Hemorragia digestiva alta por provável úlcera péptica — Caso Estudante
Apresentação Clínica
Paciente masculino, 55 anos, etilista crônico, dá entrada no PS com hematêmese e melena há 6 horas. Relata dor epigástrica crônica, uso frequente de AINEs para lombalgia. Palidez, sudorese.
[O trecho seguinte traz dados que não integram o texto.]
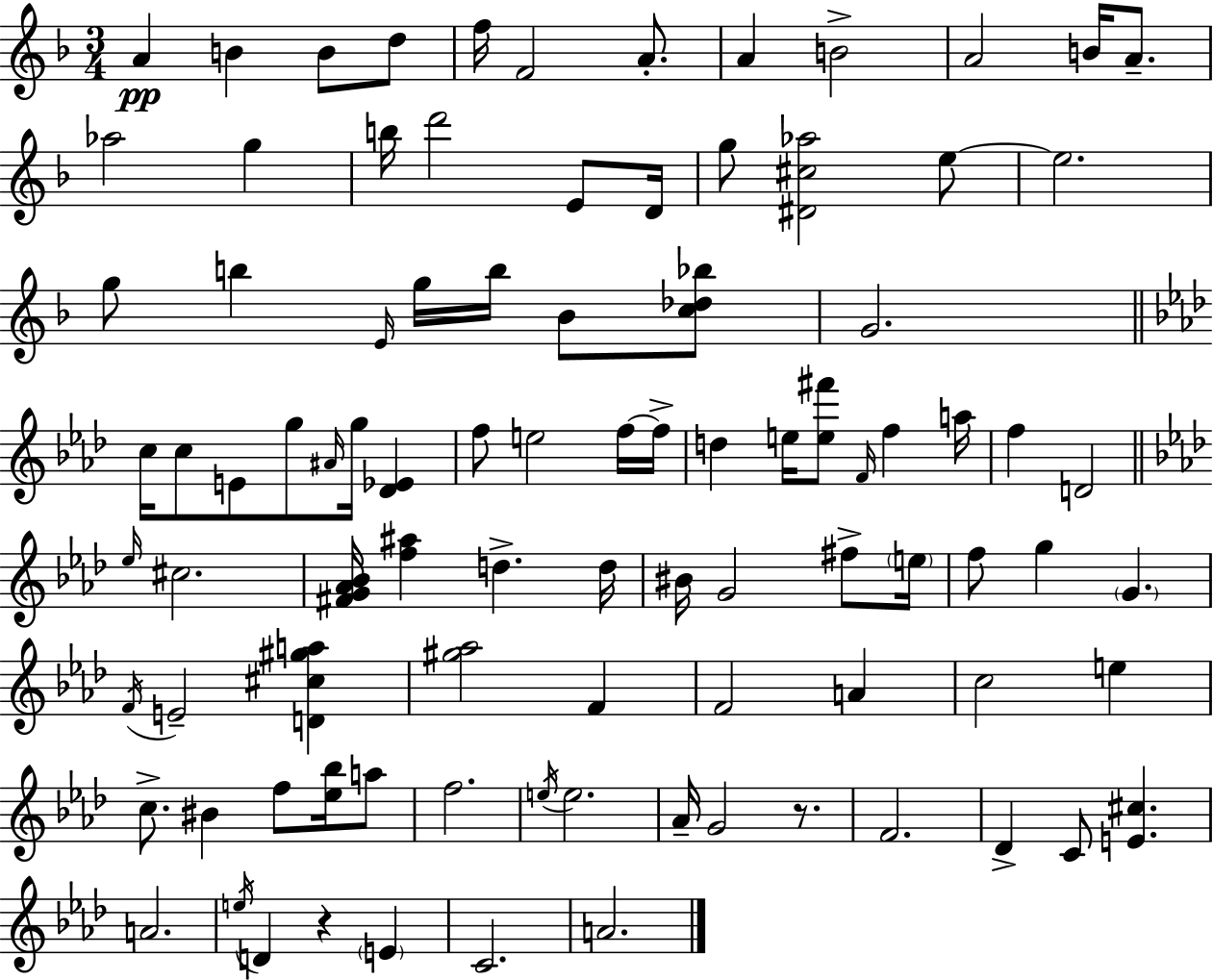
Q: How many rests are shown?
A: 2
PA 90x55, FC 125, FR 22, SpO2 95%, T 36.3°C, Glasgow 15. Hb 7.1 g/dL, Ht 22%, ureia 120, creatinina 1.0. Toque retal com melena.
Síntese do Caso
Homem, 55 anos, com fatores de risco sobrepostos (etilismo crônico e uso frequente de AINEs), apresentando quadro clássico de Hemorragia Digestiva Alta (HDA) ativa (hematêmese e melena) associada a choque hipovolêmico grau III (hipotensão, taquicardia, palidez, sudorese) e anemia aguda grave (Hb 7.1).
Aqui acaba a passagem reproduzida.